There was an awkward silence. What did you say in this sort of situation? Had anyone ever been in this sort of a situation?
A waitress wearing a baseball cap, her ponytail poking through the space in the back, saved the day by taking their order, giving Samuel time to think of something to say.
“Can you believe this? The whole thing is absolutely staggering nonsense."
“You think so?” Tuesday said. She canted her head and shrugged. “I don't know. Don't you believe in the numinous?"
Samuel smiled wanly. “No. I don't believe in the numinous.” The numinous? Who the hell used the word numinous?
“Hmm. I do. I'd like to be part of something
numinous.” She twisted sideways in the booth, drew one foot onto the red faux leather, and retied the shoelace of her black Keds hightop. She tied enthusiastically; the knot she produced had about six bows. She swapped feet and started working on the other lace.
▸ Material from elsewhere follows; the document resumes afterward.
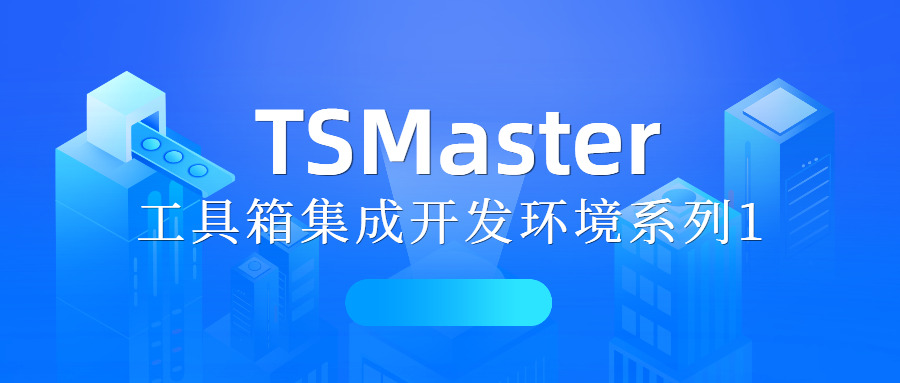 TSMaster Toolbox IDE Series 1-Toolbox Design and Development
“Most people don't realize how important well-tied shoelaces are,” she said. “Shoes ground you—if they're too loose or too tight, or if one is tighter than the other, you're out of balance, and you can't walk true."
“But you're not walking,” Samuel pointed out.
“True. But I will be later."
“Ah.” Samuel was starting to wonder if it had been a good idea to agree to this. She was one of those new age types. Next she'd be suggesting they visualize world peace, or try to channel a dead high priestess of Lemuria.
“The mayor seems to believe there's something to this,” Tuesday said.
“He's desperate. Clutching at straws."
“So why did you agree to meet?” Tuesday asked, her Keds back on the black and white tile floor.
Samuel paused while the waitress plunked down two glasses, followed by big metal milkshake tumblers. His strawberry milkshake looked as thick as cement. Damn, did he love this place.
“Professor Berry said there was an easy way to prove him wrong: meet with you on and off for a week. If the city's accident rate didn't go down when we were together, and back up when we were apart, he'd return his consulting fee to the city.” The shake made a satisfying plopping sound as he poured it into the glass. “His ideas are wacked. ‘Data mining for non-intuitive connections'? You can smell the bullshit from three pastures away."
“You know what I wanted to ask him? How did he know when particular people were in the vicinity of each other?"
“He monitored license plates. There were surveillance cameras mounted to record the comings and goings of every single vehicle, twenty-four hours a day, for eight months."
Tuesday was digging through her bowl of sweet-potato fries, tossing one after another into a pile on the edge of her plate. Her arm was dusted with freckles.
“What are you doing?” Samuel asked.
“I'm not that hungry, so I'm only going to eat the most attractive ones."